I'm trying to process large (~50mb) sized xml files to store in the datastore. I've tried using backends, sockets (to pull the file via urlfetch), and even straight up uploading the file within my source code, but again keep running into limits (i.e. the 32 mb limit).

So, I'm really confused (and a little angry/frustrated). Does appengine really have no real way to process a large file? There does seem to be one potential work around, which would involve remote_apis, amazon (or google compute I guess) and a security/setup nightmare...

Http ranges was another thing I considered, but it'll be painful to somehow connect the different splitted parts together (unless I can manage to split the file at exact points)

This seems crazy so I thought I'd ask stackover flow... am I missing something?

update Tried using range requests and it looks like the server I'm trying to stream from doesn't use it. So right now I'm thinking either downloading the file, hosting it on another server, then use appengine to access that via range http requests on backends AND then automate the entire process so I can run it as a cron job :/ (the craziness of having to do all this work for something so simple... sigh)

解决方案

What about storing it in the cloud storage and reading it incrementally, as you can access it line by line (in Python anyway) so it wont' consume all resources.

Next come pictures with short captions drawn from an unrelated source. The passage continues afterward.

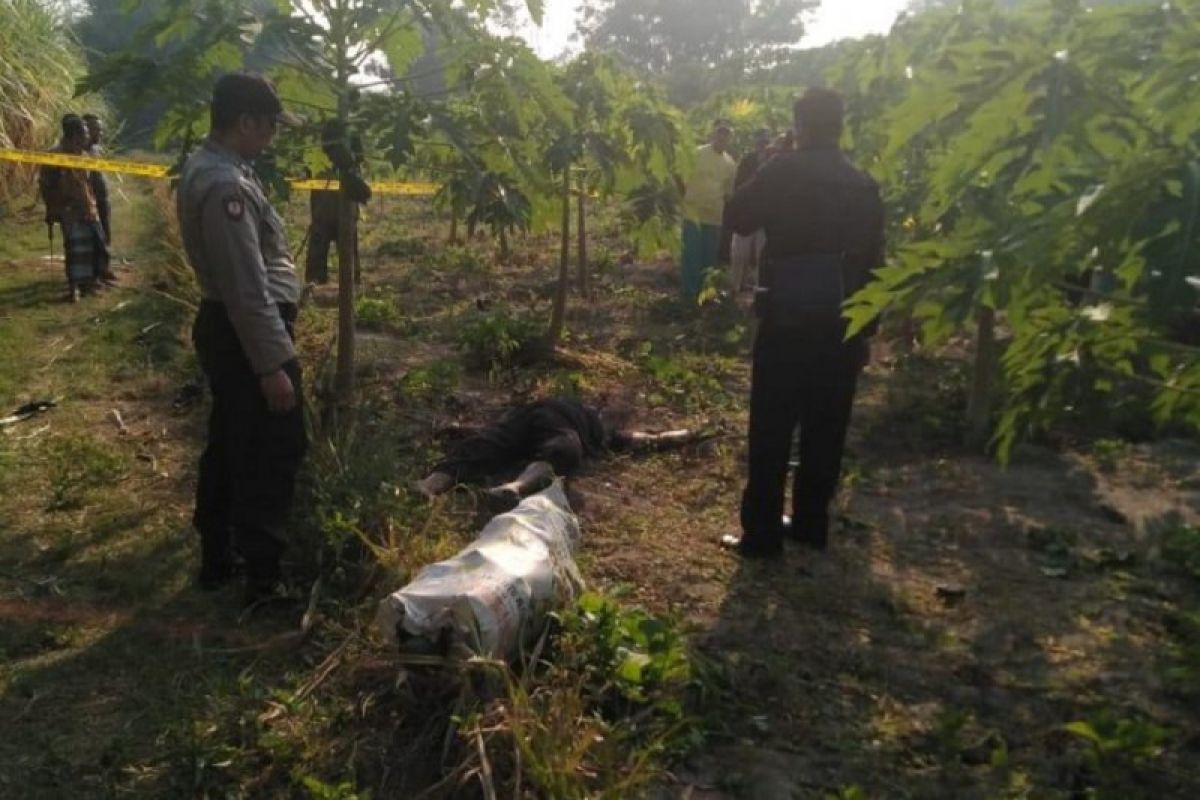 Polisi masih selidiki temuan pria meninggal di kebun pepaya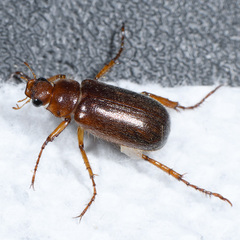 Dichelonychini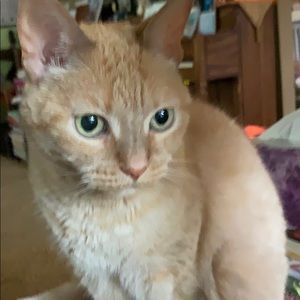 Meet your Posher, William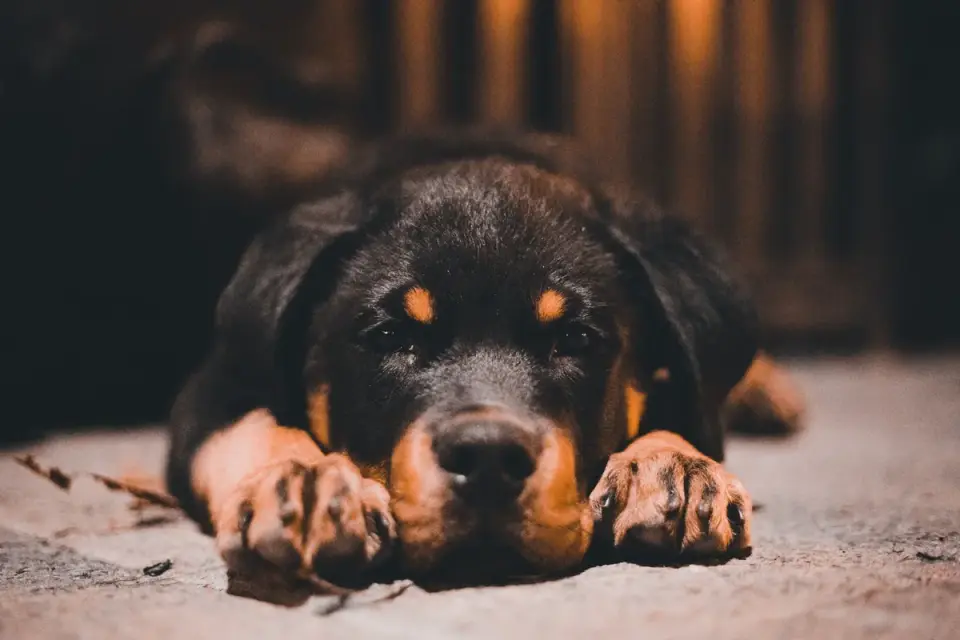 Dog standing up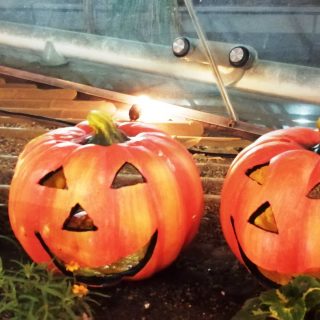 ≪ﾏﾈｼﾞﾒﾝﾄ≫　京阪寝屋川市駅前イルミネーション2021　工事開始のお知らせ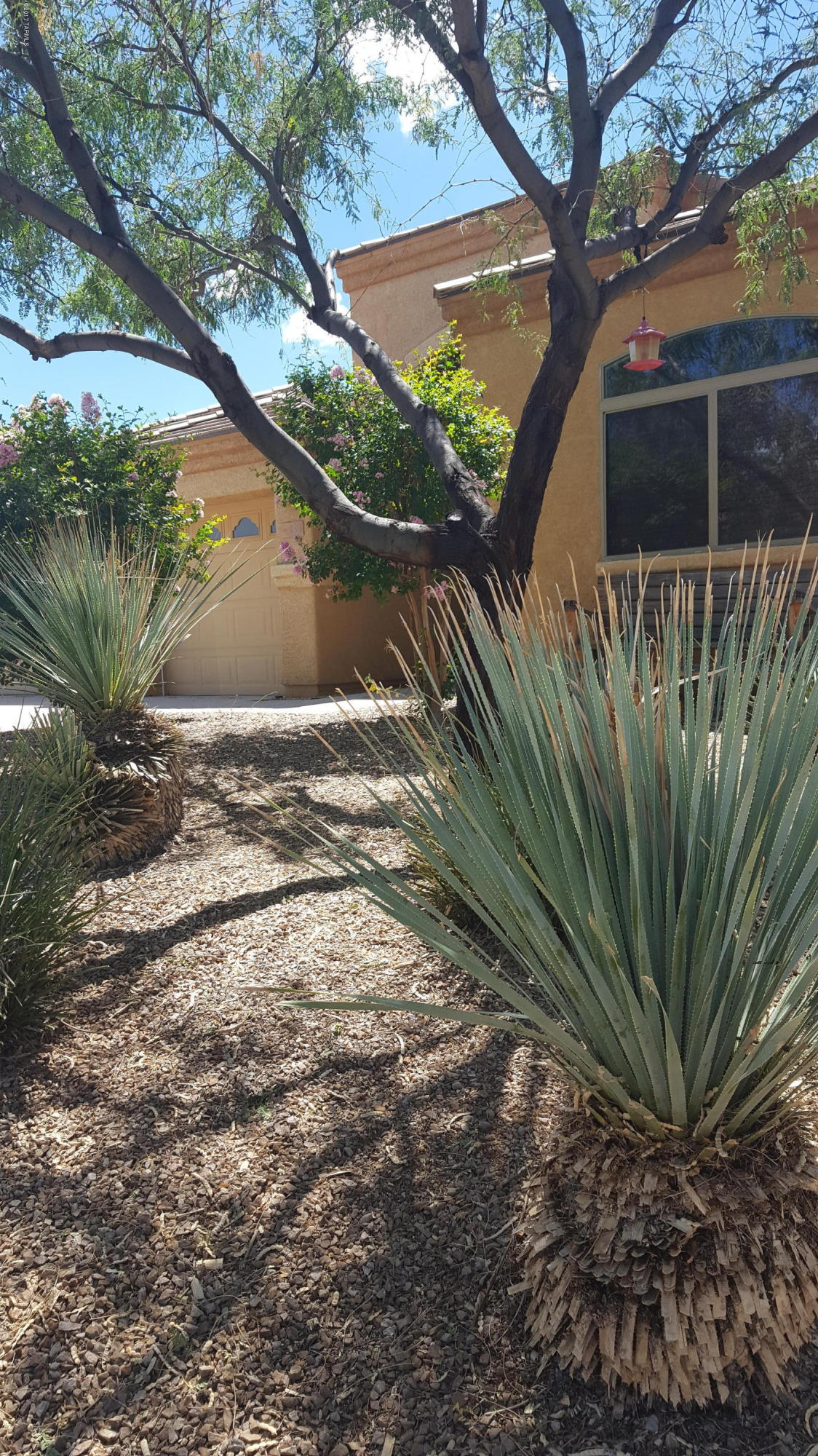 New Tucson Unit NO. 8 (1-455) - Residential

https://developers.google.com/appengine/docs/python/googlecloudstorageclient/

https://developers.google.com/storage/

The GCS client library lets your application read files from and write files to buckets in Google Cloud Storage (GCS). This library supports reading and writing large amounts of data to GCS, with internal error handling and retries, so you don't have to write your own code to do this. Moreover, it provides read buffering with prefetch so your app can be more efficient.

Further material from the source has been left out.